W kuchni palnik z gazem


Przeciąg trzaska złudzeniami

My nie dzieli się przez trzy

Opowiedz mi jeszcze raz, jak umarła Sylvia Plath?



A poem I wrote sometime ago. The pictures above are photos from about 2 weeks ago, I went to my Grandparents and did literally nothing. Well, apart from maybe thinking. My favourite time to think stuff over was sunset. I used to sit on the pier and think about K. Back then there was some chance we would go to Woodstock together. Now there's none. I dreamt about him. I missed him. All this thinking made me feel terribly lonely sometimes. I hate being lonely. Like in a sense "nobody wants me, nobody would even notice if I drowned" not in a sense I'm back from a party, now some lonely time. The second time is a good lonely because you have some memories and things you yet have to think over. But a week for thinking stuff over is too much, a week without talking normally ("pass the salt" is not normal) drove me insane. I hate not having friends near me and that's what scares the shit out of me. With people I can talk to at an arm's reach I feel safe and secure, like nothing can bad touch me.


That's why I'm afraid I won't survive Turkey. I'm only going with my family and I'm scared this won't be enough people to keep me from thinking too much. Cause when I think to much, I dream too much. And when I dream too much I end up disappointed. Because my dreams don't come true and I wish that someday at least one of them would happen.

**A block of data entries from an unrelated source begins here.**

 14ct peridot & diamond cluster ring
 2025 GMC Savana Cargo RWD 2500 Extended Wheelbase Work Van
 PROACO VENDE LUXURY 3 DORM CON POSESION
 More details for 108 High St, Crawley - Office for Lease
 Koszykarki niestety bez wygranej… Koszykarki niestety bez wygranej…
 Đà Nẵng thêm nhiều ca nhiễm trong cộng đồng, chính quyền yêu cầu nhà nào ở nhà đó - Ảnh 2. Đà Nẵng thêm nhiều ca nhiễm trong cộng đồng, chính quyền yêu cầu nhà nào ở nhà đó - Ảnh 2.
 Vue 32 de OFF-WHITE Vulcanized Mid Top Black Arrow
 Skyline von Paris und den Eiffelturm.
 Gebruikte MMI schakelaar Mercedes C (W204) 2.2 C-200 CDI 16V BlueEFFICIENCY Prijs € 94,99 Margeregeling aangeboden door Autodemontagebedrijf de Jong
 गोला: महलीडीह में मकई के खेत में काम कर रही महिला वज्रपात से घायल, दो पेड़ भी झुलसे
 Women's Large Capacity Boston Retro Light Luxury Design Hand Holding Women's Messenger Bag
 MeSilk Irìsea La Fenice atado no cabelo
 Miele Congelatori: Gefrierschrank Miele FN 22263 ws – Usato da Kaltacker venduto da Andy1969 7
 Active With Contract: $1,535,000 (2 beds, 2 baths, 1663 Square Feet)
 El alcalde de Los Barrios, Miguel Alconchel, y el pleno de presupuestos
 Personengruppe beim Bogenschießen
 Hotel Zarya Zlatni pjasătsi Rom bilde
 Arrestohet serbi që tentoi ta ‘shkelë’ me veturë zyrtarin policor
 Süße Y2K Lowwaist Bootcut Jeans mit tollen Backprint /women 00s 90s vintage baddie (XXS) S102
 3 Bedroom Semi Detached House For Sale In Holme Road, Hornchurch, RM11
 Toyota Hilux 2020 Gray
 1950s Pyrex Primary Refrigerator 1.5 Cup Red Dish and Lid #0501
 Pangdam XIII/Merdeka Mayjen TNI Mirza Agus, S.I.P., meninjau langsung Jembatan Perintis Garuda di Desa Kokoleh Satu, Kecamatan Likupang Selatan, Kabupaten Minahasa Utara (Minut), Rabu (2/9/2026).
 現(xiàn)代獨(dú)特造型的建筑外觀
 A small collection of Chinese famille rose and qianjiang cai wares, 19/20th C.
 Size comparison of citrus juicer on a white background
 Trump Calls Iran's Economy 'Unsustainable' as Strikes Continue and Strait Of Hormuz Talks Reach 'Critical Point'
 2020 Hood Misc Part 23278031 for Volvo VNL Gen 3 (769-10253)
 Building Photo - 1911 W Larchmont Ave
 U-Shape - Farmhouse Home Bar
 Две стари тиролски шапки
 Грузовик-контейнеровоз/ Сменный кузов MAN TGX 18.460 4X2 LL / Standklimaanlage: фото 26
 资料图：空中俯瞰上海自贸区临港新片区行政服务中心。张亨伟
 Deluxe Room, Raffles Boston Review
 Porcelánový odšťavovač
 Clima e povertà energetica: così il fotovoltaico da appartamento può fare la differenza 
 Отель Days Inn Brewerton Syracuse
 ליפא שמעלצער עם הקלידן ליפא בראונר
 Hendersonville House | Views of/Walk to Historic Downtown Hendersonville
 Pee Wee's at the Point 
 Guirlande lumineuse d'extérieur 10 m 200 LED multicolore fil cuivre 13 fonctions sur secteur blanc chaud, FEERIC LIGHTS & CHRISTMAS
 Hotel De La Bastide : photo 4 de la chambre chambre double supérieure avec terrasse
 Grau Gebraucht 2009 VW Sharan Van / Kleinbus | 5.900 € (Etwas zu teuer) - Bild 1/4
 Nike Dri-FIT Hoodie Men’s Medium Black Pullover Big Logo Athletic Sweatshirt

Being lonely for two weeks is one thing. Things changing back at home is another. I'm afraid I won't catch up with everything, that I'll loose G, that W will end up with K and that everyone will be gossiping about me even more than they are now. I am afraid that my form will have another million meetings and I won't get the chance to meet them beforehand.


Oh god, my worries are so fucking complex.